Este individuo, cegato, de movimientos torpes y sotana brillosa, tiene setenta y siete años, y será uno entre los famosos de La Laguna. En 1718 la ciudad es joven de poco más de doscientos años. Las poblaciones envejecen menos que sus habitantes. El «licenciado Juan Núñez de la Peña o Iván, que a veces le gusta poner así su firma, ha escrito un libro que tituló: Conquista y antigüedades de las Islas de la Gran Canaria, sobre el que se lanzará José de Viera, cual guirre hambriento sobre débil gorrión. Lo atacará a veces con razón y otras injustamente.
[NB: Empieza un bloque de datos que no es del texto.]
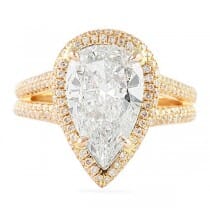 2.57 ct Pear Shape Rose Gold Engagement Ring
Sin embargo, el futuro arcediano le hará favor en la Biblioteca Canaria, al final de sus Noticias Históricas... 

¿Qué está atisbando, curioseando, mirando, inclinado sobre el alféizar de la ventana, don Juan Núñez? Si complemento datos, señalando que es trece de septiembre de 1718, la pregunta se esclarece; es la víspera del catorce, cuando se celebra la fiesta mayor que honra al santo Cristo. Pero el «cronista general-de los reinos de Castilla y León», no bajará a la plaza. La noche del día trece tiene mucho ajetreo y bullicio de gentes, y «las tapadas» con rebozo o rebosillo, con dengues y picardías, lo pueden embromar; tal vez le pedirían que les dibujase un escudo con muchos leones y algunas cabezas de moro, o lo que sería peor, unos cuartos para mistela o rosolí y avellanas de la cascaruja, arvejas y garbanzos tostados; él cuida bien de administrar la pensión de doscientos pesos, que le concedió el rey. Mejor quedarse en casa. Mañana sí. Mañana se acercará al convento. Este año es Esclavo mayor don Alonso de Nava Grimón, tercer marqués de Villanueva del Prado, Caballero de Calatrava, que se distinguió luchando hace unos años contra el inglés Gennings; es fastuoso y desprendido, rico además, pues su renta llega a treintamil pesos. De seguro que hará fiestas espléndidas...

La calle se anima; bajan grupos de gente a las «esquinas del Ecce Homo», camino de San Francisco. Don Juan se cansa,entra y sigue en la copia de cédulas, ordenanzas del Cabildo, protocolos de escribanos. Devoto y mucho, lo es del Cristo, pero no de los festolines... Recuerda que el segundo marqués le regaló a la imagen un frontal de plata y que le habían dicho: «ha sido mejor elección la de haber dado el frontal de plata que meterse en el embolumio de comedias...». 

Volvamos —piensa el historiador— a lo que hay que hacer... 

Pronto llegará la noche y tendrá que dejar la pluma; cada día ve menos, ha desparramado la vista por tantos pergaminos y genealogías, tantos escudos: «en campos de gules/castillos de plata/leones de oro/y de sable águilas...». Cuando oscurezca cogerá el rosario de cuentas gordas y rezará.

La vida tiene exigencias. Se pretende hacer algo y se puede realizar o no, hasta que los años marcan el límite.

Están cercanos los quinientos de la fundación de San Cristóbal de La Laguna (no hay que olvidarlo, aunque la laguna sea una leyenda). El hombre del 1500 que estuvo en la llegada de la imagen y la acompañó hasta el convento, no es el mismo que quien se prepara a celebrar las fiestas de 1992, y menos aún, del simpático vejete Juan Núñez de la Peña, pero la permanencia espiritual es idéntica y se mantiene. Esto es lo que hay que valorar y admirar, lo demás es bullicioso pasajero y accidental; algazara infantil, parrandas, tapadas, olor humo y sabor de los ventorrillos, la feria, vendedoras de manzanas de La Guancha o membrillos de El Sauzal... músicas y fuegos. La esencia de la fiesta, su meollo, tuétano y semilla, nació, crece y fructifica más dentro.

Tal vez lo marque y eternice la mujer de mañana de ayer y hoy, 1992, 1500, 1718 que con un niño pequeño en brazos, se arrastra sobre sus rodillas, hasta el altar donde triunfa la imagen insigne y venerada, que considera algo suyo cuando le dice...

¡Cristo mío... Cristo mío...!

Pensando en esto y en algunas cosas más, don Juan Núñez de la Peña se había dormido, el rosario le colgaba de la mano manchada de tinta.